It is effectively genocide.  A little indirect, but the result is the same.

A nit about the suppression explanation: Affecting all conceptions or development seems impossibly hard.

Also, for the X-Men to fail to figure it out seems a stretch.  They have at least two high intelligence supers.  And if it were environmental there should be correlations to look for.

Not to take away too much.  There is a lot of good stuff in the interactions between Xavier, Logan, and Laura.

One confusion: Did the name on Laura's chart match Logan?

Thx!
TomB


----------



## Morrus (Mar 3, 2017)

tomBitonti said:


> A nit about the suppression explanation: Affecting all conceptions or development seems impossibly hard.




Doesn't bother me. It's a superhero flick. It's all magic anyway! He has supervillain science.


----------



## ccs (Mar 4, 2017)

tomBitonti said:


> A nit about the suppression explanation: Affecting all conceptions or development seems impossibly hard.




Have you read a comic book?  Seen a superhero movie?  That's one of the more plausible things that might occur.... 




tomBitonti said:


> Also, for the X-Men to fail to figure it out seems a stretch.  They have at least two high intelligence supers.  And if it were environmental there should be correlations to look for.




Well, they haven't figured out what causes the mutations in the first place....





tomBitonti said:


> One confusion: Did the name on Laura's chart match Logan?
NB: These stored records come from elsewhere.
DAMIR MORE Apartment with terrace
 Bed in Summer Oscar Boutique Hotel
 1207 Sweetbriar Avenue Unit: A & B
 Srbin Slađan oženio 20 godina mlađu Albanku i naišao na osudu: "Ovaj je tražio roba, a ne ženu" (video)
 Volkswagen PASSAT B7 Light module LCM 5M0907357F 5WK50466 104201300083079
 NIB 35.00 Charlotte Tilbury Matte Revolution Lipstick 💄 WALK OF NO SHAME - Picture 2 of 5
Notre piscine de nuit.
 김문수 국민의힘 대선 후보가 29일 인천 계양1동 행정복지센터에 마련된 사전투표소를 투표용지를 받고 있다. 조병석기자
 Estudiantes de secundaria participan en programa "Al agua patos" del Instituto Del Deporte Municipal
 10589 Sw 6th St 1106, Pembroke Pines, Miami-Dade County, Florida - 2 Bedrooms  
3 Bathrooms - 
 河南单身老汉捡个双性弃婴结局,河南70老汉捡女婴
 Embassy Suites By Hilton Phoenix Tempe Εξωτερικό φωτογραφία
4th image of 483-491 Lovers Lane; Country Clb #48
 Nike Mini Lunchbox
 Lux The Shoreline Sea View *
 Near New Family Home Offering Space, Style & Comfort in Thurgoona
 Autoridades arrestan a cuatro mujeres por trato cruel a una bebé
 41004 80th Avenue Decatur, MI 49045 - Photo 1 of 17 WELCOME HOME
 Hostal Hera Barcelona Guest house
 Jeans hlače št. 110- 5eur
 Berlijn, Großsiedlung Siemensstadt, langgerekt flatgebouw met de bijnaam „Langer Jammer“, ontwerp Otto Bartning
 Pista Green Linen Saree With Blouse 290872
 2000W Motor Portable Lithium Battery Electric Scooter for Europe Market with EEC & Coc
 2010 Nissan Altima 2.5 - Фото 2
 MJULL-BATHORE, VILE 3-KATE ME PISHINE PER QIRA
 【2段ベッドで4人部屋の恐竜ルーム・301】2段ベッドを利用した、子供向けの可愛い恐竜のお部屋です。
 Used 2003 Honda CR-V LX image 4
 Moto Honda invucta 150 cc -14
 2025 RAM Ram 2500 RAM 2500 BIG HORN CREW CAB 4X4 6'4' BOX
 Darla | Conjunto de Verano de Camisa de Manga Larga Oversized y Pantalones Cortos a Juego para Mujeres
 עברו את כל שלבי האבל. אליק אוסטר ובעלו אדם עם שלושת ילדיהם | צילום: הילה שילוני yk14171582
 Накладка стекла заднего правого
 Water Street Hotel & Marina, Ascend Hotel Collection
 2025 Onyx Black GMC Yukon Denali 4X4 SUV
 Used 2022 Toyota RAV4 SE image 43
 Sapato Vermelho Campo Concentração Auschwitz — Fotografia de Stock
Yes, it said James Howlet in the upper right corner.


----------



## trappedslider (Mar 4, 2017)

Well,just got back from seeing it myself...it was brutal..I don't think it would have worked as well as a pg-13 movie.


----------



## Janx (Mar 4, 2017)

Morrus said:


> Nobody seen this?




it wasn't released until yesterday here in the US.

I saw it last night.

They should have made X-24 be Victor Creed not a Logan-Clone.  My wife and I both almost thought it was Creed during the initial appearance until we could get a better look at him.  We'd just watched X-Men Origins and Creed had said he was going to be the one to kill Logan.

I think they could have subbed Creed in and not dramatically changed the film.  Creed's hitting the green sauce to keep up, give Creed adamantium finger claws.  Since Creed got adamantium later in life, it hasn't hit him as hard.  And like usual Creed is always siding with the bad guys.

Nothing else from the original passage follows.